Of Male and Female Head Covering
This document sets forth my personal faith regarding the subject matter at the time of the writing. The Holy Spirit through Paul reminds us that now we see through the glass darkly seeing in part and knowing in part (1 Cor 13:12). I am mindful that even saved sanctified Holy Ghost filled Peter had to learn about dealing with the Gentiles (Gal 2:11-14; Acts 10:34). Indeed, I must admit I have grown in my understanding of this matter. I therefore caution myself and all to be open to a deeper understanding of the subject matter and not to be so dogmatic/rigid/insistent about one’s position especially when one is not the decision making authority. This does not mean one has to speak and/or act in a way that violates one’s integrity. This does not mean one should avoid sharing one’s belief, publicly or privately, when the circumstance warrants it. It does mean one should do so with care giving preference to private sharing unless public sharing is absolutely warranted.
Male headship is the biblical norm for spiritual matters in the home, church, and nation in general.

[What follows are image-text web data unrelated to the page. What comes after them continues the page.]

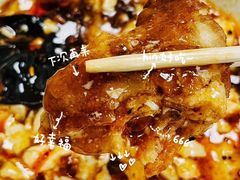 -增盛魁小吃店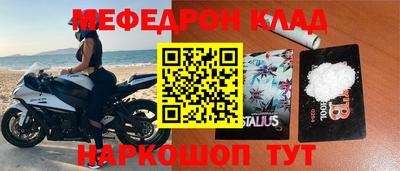 первитин Краснодар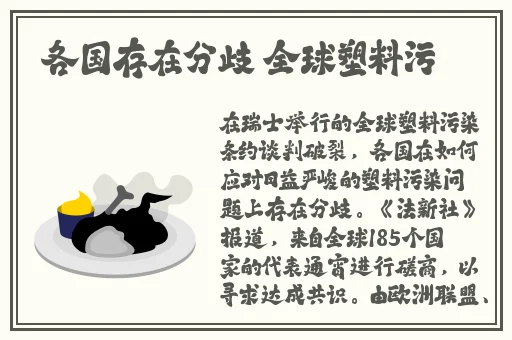 蜜芽在线免费观看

But this does not apply to non-spiritual matters and heading entities such as a computer business, construction company, or a non-profit organization whose mission is not primarily preaching and teaching of spiritual doctrines. Here non-profits include government entities since their primary role is not preaching and teaching of spiritual doctrines although they are to apply spiritual doctrines in their job capacity.
Nothing in this document should be misconstrued as justifying abuse of females by males or males by females. Indeed all forms of abuse to include but not limited to mental and physical abuse are forbidden by scripture. Occurrence of physical abuse is self-evident when the event occurs. Mental abuse may be more difficult to determine; but biblical love will prevent its occurrence.
Head Covering Symbolism – Male and/or Female?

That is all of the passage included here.